The 4 Evolutions of Your Observability Journey

The known/unknown matrix can be incredibly helpful in understanding where you are with your observability implementation.

Oct 3rd, 2024 9:00am by Hazel Weakly

Featued image for: The 4 Evolutions of Your Observability Journey

When going on an observability journey, there tends to be a few concrete phases that every company goes through. Understanding how those unfold and take shape as you mature your observability practices can help you identify when you’ll run into certain types of challenges, and when you’ll start really wanting certain tools and practices to help address those challenges.

That said, when you’re communicating about this to others, you might often find that it’s difficult to explain how you know where you are in the journey, or articulate the issues you’re running into. Often, people express difficulty getting a shared understanding around this, which is where mnemonics and mental models can come in handy.

The known/unknown matrix in particular can be incredibly helpful in understanding where you are on your observability journey.

In the known/unknown matrix, we have four stages: known knowns, known unknowns, unknown knowns and unknown unknowns. Each one corresponds to a different way of approaching three very crucial tasks in operating a system: asking questions, learning about the system and explaining what you learned.

Those three tasks, in a nutshell, are what almost everything we do in platform engineering, observability, site reliability engineering (SRE) work, DevOps and more can be boiled down to. So let’s go over them and see how we can use the matrix to help understand where you’re at and share that understanding with others.

Known Knowns

Known knowns, when used to describe where you are on your observability journey, are the first stage. You know what question you’re asking and what you’re looking at. Here, you want to be able to look into the past and ask, “What happened?”

Some examples:

The website had a spike in errors. Where, how, why?
The mobile app is experiencing more crashes in the latest version. Is it only buggy in the latest version?
Our auth service is completely down, but only in one geographical area. What does that mean?

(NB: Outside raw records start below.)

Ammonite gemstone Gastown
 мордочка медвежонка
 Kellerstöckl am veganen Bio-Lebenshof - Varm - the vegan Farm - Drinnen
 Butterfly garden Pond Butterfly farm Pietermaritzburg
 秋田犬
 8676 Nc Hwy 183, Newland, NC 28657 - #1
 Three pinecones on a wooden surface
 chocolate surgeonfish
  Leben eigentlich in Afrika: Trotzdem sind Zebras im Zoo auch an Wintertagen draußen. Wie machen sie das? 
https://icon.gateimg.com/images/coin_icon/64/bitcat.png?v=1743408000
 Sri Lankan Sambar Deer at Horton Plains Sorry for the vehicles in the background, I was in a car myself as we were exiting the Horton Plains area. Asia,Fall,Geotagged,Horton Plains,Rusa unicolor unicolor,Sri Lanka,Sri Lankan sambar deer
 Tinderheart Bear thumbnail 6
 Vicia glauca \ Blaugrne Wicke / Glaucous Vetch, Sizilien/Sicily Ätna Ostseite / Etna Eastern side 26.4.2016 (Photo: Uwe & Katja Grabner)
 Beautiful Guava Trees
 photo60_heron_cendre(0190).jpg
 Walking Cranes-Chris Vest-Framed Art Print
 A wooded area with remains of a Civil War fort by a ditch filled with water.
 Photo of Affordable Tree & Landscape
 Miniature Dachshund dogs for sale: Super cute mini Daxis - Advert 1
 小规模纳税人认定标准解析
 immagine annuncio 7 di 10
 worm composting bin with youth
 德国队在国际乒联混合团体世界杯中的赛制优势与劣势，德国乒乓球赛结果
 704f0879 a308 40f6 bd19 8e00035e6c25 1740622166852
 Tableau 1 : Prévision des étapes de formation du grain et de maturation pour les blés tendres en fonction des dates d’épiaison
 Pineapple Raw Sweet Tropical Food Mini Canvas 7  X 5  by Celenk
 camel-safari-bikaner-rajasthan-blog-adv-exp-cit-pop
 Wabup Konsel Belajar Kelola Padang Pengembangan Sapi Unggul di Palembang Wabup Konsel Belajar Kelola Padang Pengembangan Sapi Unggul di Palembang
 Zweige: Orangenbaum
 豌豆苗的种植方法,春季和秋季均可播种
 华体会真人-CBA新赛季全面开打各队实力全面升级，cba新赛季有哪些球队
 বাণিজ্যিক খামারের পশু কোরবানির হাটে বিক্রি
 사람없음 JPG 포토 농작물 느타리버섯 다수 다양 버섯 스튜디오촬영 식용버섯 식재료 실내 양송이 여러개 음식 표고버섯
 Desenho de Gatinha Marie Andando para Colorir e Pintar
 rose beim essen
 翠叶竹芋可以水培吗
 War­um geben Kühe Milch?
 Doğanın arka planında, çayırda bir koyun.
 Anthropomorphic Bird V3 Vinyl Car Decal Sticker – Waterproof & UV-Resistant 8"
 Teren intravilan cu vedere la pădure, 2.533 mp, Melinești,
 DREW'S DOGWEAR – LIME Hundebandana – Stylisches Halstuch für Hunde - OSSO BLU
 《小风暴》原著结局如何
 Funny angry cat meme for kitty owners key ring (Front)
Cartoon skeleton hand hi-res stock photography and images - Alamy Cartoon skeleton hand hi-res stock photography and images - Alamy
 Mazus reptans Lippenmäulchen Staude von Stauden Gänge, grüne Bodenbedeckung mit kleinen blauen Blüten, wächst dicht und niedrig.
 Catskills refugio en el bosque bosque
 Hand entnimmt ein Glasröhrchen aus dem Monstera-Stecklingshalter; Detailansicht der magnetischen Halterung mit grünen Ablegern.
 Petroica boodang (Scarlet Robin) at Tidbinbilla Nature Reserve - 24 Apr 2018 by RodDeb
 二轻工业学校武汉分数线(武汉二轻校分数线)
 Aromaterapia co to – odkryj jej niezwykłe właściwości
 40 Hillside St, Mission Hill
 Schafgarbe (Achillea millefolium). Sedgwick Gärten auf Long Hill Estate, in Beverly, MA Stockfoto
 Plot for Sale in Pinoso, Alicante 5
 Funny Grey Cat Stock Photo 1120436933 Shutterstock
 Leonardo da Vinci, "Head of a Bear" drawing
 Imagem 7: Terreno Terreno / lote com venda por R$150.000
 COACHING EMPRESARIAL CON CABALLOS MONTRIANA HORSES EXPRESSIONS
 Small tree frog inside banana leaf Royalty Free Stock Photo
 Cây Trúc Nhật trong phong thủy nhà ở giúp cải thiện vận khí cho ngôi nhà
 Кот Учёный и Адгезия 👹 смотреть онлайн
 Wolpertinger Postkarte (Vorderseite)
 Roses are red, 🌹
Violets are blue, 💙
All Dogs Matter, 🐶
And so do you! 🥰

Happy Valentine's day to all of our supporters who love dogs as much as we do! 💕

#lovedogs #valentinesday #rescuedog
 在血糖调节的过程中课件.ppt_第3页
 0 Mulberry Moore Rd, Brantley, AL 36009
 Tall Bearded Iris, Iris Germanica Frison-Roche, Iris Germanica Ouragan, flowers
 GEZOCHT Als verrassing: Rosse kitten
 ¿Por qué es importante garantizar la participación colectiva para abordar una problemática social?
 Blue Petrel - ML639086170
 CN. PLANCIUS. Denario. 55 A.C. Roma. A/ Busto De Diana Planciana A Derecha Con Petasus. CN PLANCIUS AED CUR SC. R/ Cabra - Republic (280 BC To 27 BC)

Even though this is the first stage, this is actually one of the hardest ones. Most companies and most engineers never progress past this stage, and almost every tool and vendor you’ll encounter is primarily interested in this stage. That’s because this stage is all about the ability to ask meaningful questions about the past, and it turns out that “meaningful” is a tricky concept to nail down.

If that wasn’t enough, figuring out how to get your tooling and systems to let you ask those questions is even harder. It’s no wonder most people get stuck here and can find themselves having a difficult time explaining why this is just the beginning of the journey.

After all, if so many companies can be wildly successful without achieving this, you might wonder whether it’s even necessary to start this observability journey in the first place.

Known knowns are about investigation.

Truth be told, if you can’t sufficiently articulate why the observability journey is critical for the company, you’re never going to finish the journey. Human understanding and shared motivation have to come first.

You know you’re here if:

You ask investigative questions, like “Hey, what happened during … ?”
You mostly learn by inferring and exploring the system, not by predicting and anticipating.
You build narratives with historical records.

Let’s break those down.

Investigative questions are the main types of analysis you do with these systems. You’re in that exploration phase, that learning part where the most important thing is figuring out why, how, what and where. It turns out that basic questions can be really, really hard to answer. You can’t always just say it was DNS and leave it at that; you have to be able to figure out what and how.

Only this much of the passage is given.